(Beginning of DATA)

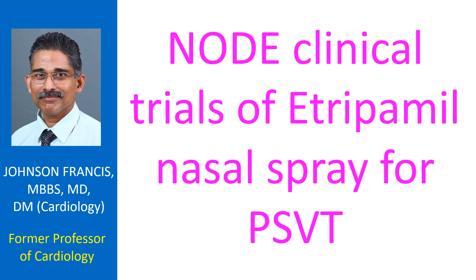Though pill in the pocket approaches with various drugs have been described for outpatient termination of PSVT, often that is not enough. If Etripamil nasal spray is established as a modality for rapid termination of PSVT, that will be very useful.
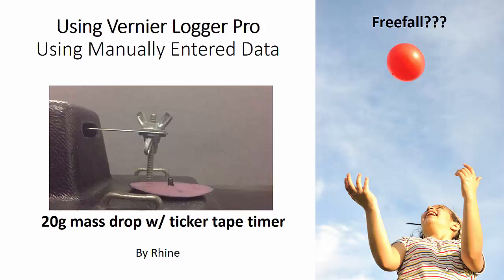So if you have a table of data that you'd like to put into Logger Pro manually and graph the data and then use those analytical tools on that data, feel free to do that. It's not hard to do, and it's very similar to using a spreadsheet.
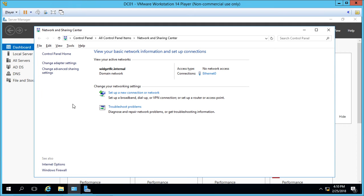In this video, we're going to learn how to join a Windows 10 computer to a Windows Server 2016 Active Directory domain.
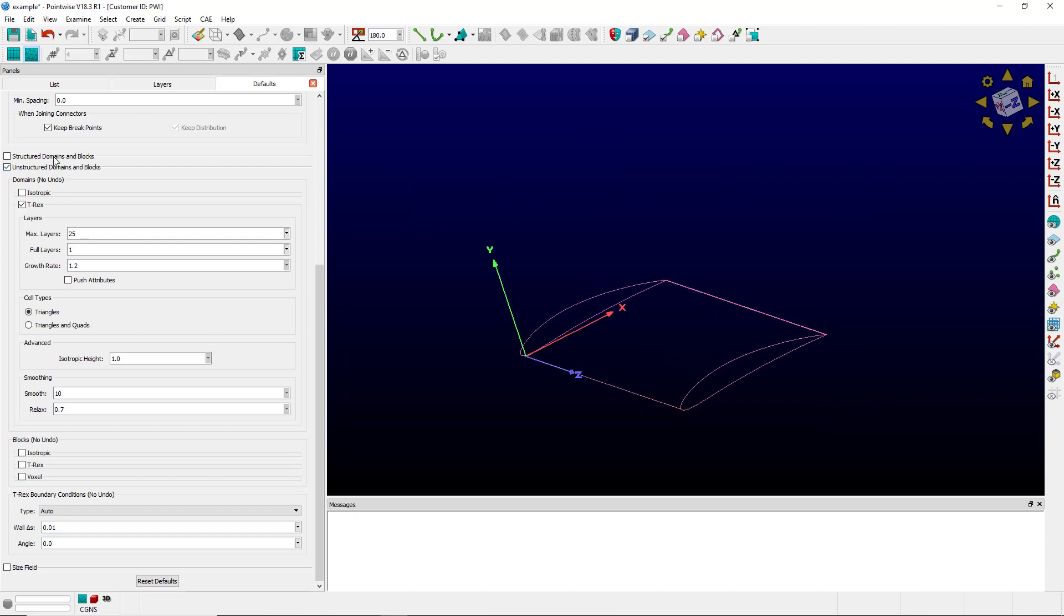Here I have the unstructured domains and blocks subframe open. I've got the T-Rex checkbox open, and I've already set max layers to 25 and full layers to 1. The T-Rex boundary condition is down here and is currently set to auto. I have a wall delta s set, but I have no angle set. So let me go ahead and set an angle.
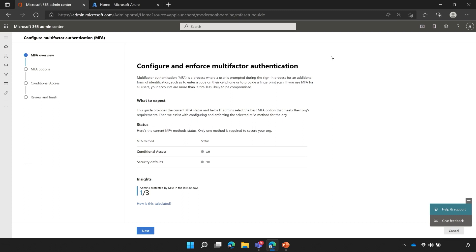On this screen, you'll see a quick explanation about configuring multi-factor authentication, as well as a current status. There are two statuses shown on this screen, and both of them are off. First is conditional access, the second is security defaults.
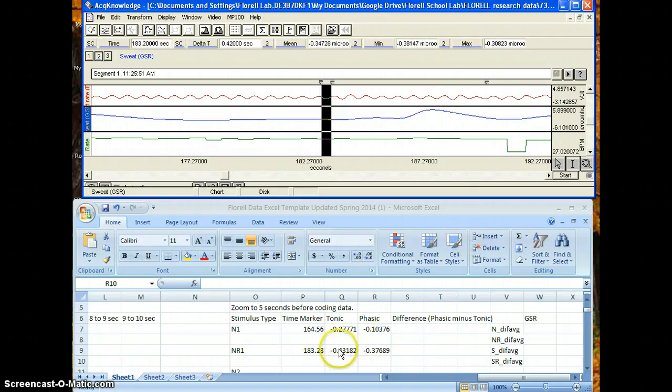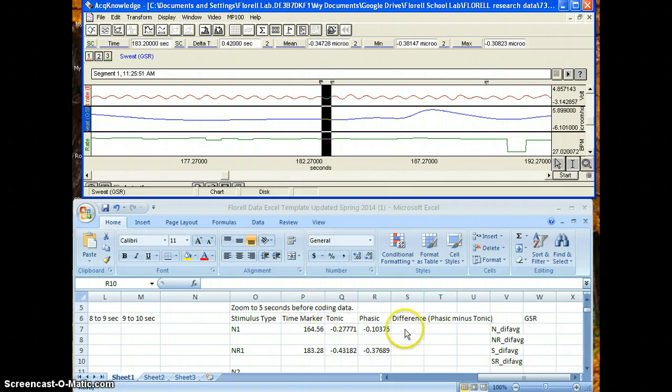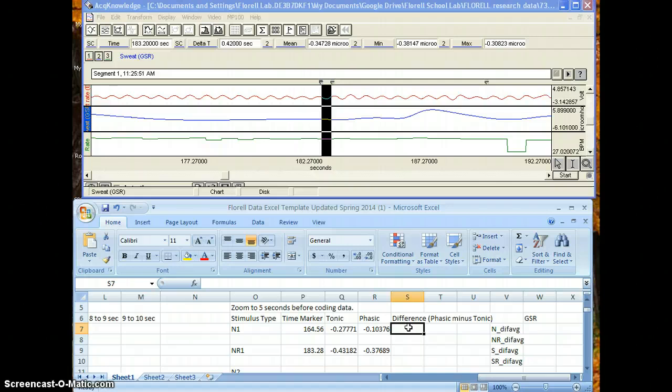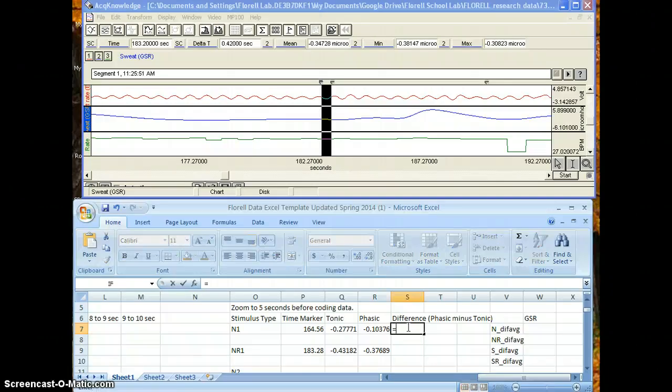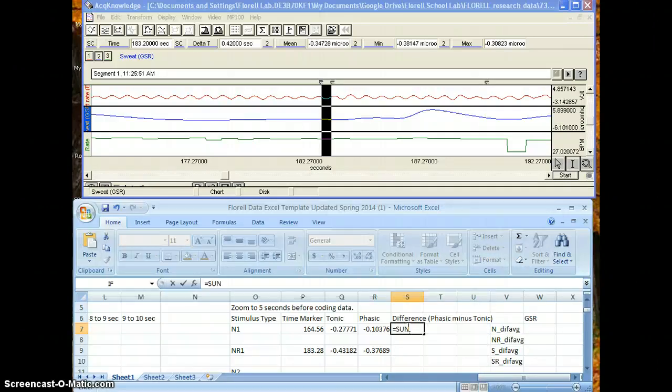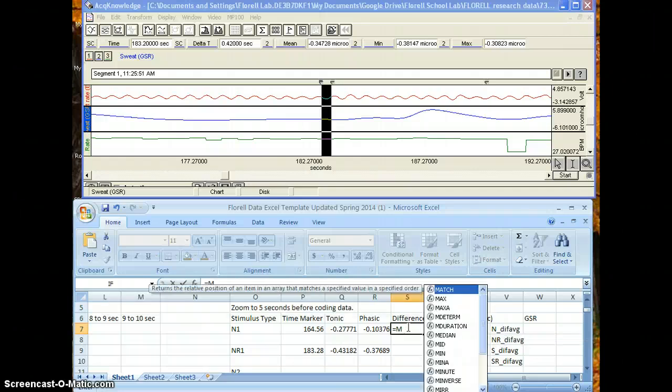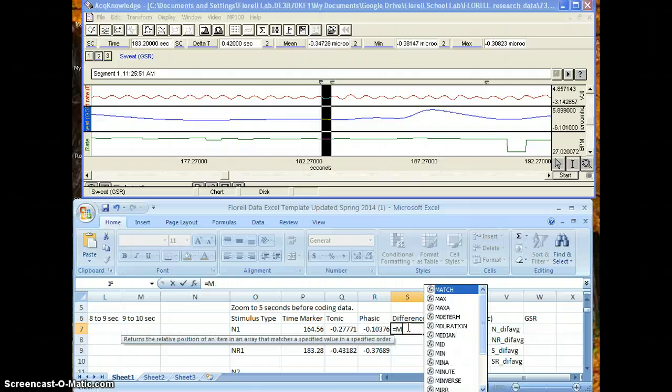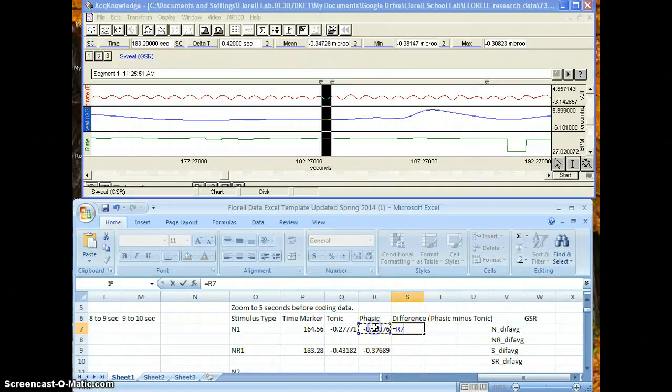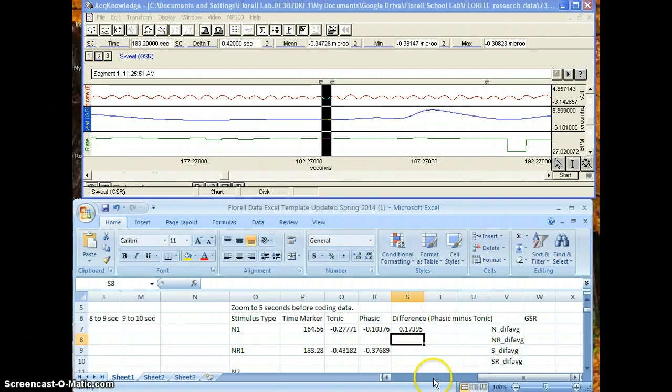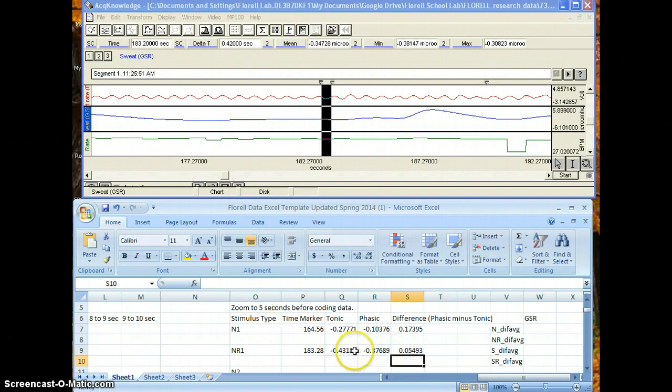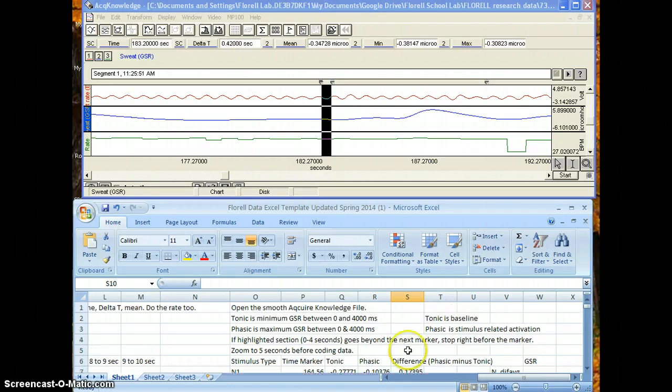And once again, your tonic number is the min number here and your phasic number is the max number here. So then you do that same process all the way down to CR1. And to take the difference in this column, you just do phasic minus tonic. So you would do difference equals, click this and then minus and then this. And you do the same thing, R minus Q, and you do that all the way down until CR1 is your last one.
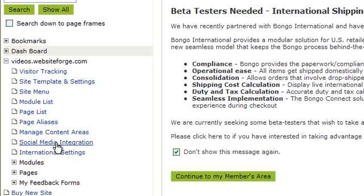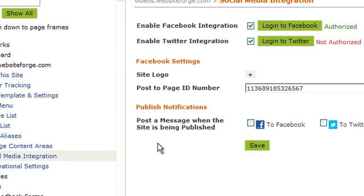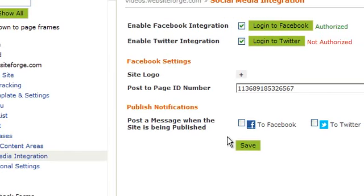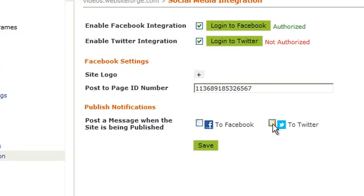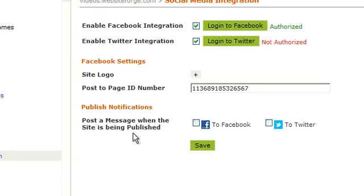Under Publish Notifications, check the box next to Twitter to post a message when this site is being published. When you're done, click Save.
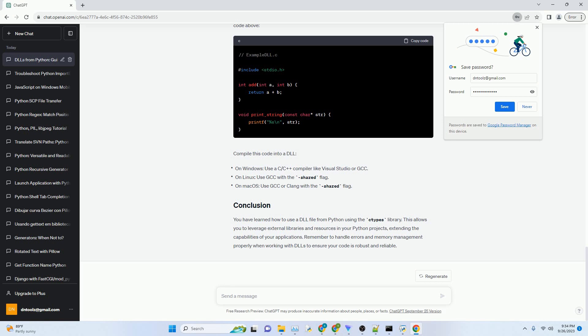Remember to release the DLL file when you're done using it to free up system resources. Here's a simple example of a C function defined in a DLL that you can use with the Python code above. Compile this code into a DLL.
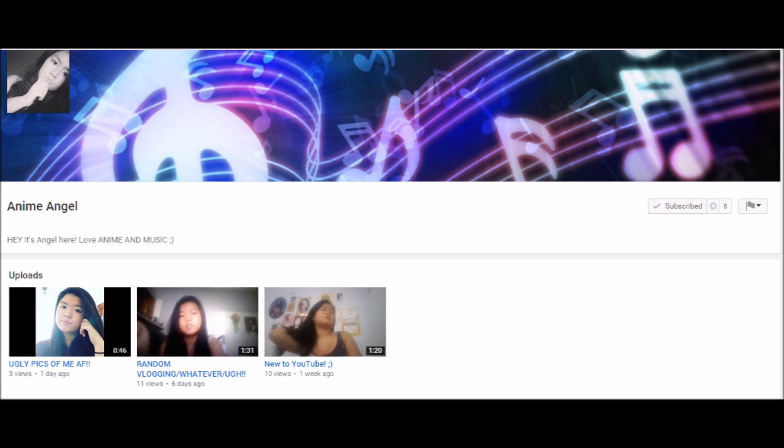Okay, before I move on to anything else, I got a couple shoutouts. The first one is to Anime Angel, a good friend of mine and she's just now starting YouTube and I just really would like you guys to go see her, see what she's gonna do because I'm not sure what she's planning on doing.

(End of DATA)

Pictures excluded, print only the lines from the one with "Remember to release" through the end of the entries above, exactly as written.

RESULT FOR THIS TASK:
Remember to release the DLL file when you're done using it to free up system resources. Here's a simple example of a C function defined in a DLL that you can use with the Python code above. Compile this code into a DLL.
Okay, before I move on to anything else, I got a couple shoutouts. The first one is to Anime Angel, a good friend of mine and she's just now starting YouTube and I just really would like you guys to go see her, see what she's gonna do because I'm not sure what she's planning on doing.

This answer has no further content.